The most dangerous aspect of the Islamic State, this diplomat believes, is its ideological appeal. It has recruited marginalized, disaffected Sunni youths [my emphasis] in Syria and Iraq who believe they are being ruled by apostate regimes. This appeal to Sunni pride has worked largely because of the sectarian policies of the Baghdad and Damascus governments. But the Islamic State has also grown because of the larger collapse of moderate, secular and even Islamist institutions and groups — such as the Muslim Brotherhood — throughout the Middle East.

In other words, however deluded all these people may be in devoting themselves to murder and suicide, what’s driving them is the desire for belonging, respect and meaning.

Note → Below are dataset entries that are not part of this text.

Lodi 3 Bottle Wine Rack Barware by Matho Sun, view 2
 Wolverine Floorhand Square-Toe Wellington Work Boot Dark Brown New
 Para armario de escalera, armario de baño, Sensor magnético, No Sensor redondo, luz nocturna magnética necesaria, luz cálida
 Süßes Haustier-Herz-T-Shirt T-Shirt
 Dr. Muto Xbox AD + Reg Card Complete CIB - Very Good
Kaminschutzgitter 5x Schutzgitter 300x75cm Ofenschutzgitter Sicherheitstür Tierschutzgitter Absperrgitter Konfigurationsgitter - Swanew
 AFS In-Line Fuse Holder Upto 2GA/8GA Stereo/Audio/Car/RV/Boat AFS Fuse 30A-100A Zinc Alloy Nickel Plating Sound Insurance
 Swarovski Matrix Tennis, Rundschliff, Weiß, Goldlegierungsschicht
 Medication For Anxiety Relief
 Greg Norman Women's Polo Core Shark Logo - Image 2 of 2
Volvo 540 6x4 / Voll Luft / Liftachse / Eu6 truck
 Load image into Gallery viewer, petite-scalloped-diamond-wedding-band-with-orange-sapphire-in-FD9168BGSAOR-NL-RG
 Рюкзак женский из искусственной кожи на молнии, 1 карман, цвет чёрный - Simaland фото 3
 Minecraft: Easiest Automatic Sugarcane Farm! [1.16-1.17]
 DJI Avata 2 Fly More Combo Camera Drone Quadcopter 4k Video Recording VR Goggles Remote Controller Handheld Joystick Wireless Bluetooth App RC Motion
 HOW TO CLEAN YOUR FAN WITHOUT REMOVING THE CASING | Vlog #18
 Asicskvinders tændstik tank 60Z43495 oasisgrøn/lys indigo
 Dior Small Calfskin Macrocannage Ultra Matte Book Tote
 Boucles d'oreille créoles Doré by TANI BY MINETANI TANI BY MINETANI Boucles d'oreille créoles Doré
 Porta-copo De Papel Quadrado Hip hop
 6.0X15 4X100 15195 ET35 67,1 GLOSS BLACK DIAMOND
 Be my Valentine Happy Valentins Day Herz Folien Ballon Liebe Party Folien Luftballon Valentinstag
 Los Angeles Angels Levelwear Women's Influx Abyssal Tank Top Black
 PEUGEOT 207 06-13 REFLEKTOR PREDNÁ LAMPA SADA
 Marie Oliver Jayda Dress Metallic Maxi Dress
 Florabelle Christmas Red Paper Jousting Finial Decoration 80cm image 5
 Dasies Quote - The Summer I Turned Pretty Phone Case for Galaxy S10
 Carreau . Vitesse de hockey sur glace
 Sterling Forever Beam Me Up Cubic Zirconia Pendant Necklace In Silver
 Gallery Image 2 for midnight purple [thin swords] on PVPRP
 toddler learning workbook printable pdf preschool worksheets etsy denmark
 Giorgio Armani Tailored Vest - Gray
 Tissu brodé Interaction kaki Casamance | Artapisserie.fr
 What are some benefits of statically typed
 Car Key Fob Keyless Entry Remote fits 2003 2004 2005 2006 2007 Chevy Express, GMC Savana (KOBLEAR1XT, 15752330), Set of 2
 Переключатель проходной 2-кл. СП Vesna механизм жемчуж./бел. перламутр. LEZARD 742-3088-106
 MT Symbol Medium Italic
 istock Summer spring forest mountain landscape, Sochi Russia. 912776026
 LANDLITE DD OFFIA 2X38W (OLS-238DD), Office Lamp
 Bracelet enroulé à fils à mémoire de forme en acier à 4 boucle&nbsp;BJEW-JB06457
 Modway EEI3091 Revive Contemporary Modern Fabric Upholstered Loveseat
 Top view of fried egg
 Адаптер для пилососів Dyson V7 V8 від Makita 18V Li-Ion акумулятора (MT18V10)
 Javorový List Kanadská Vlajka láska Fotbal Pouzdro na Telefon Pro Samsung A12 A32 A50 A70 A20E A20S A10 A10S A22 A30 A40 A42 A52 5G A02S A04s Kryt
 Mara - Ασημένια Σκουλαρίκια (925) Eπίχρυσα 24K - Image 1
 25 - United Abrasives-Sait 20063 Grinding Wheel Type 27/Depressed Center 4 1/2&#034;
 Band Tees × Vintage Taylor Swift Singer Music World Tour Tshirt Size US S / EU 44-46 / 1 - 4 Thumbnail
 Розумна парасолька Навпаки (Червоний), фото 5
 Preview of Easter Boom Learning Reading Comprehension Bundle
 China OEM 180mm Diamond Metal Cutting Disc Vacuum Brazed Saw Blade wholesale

What’s the connection with Russia’s invasions of Crimea and Ukraine? The immediate cause of this aggression is the bad luck that Vladimir Putin is in charge. But how do we explain Putin’s popularity at home, which has recently topped 80%? State control of Russian media certainly plays a part. But the fuel for Putin and his media is nationalism, which grants belonging, respect and meaning to citizens.

For the cosmopolitans who are succeeding in the flat world, nationalism can seem almost quaint, a fading background to the global pursuit of rational self-interest. (Friedman described it as the Dell Theory of Conflict Prevention.)

But for those who are failing, as Russia has been for a long time, nationalism can feel like all they have. Others turn to a gang, revenge, or a twisted form of Islam.

None of this, of course, remotely excuses invasions, gang violence, massacres or terrorism.

But it may be a warning that we can’t just flatten the world.

We also have to find ways to fill it up.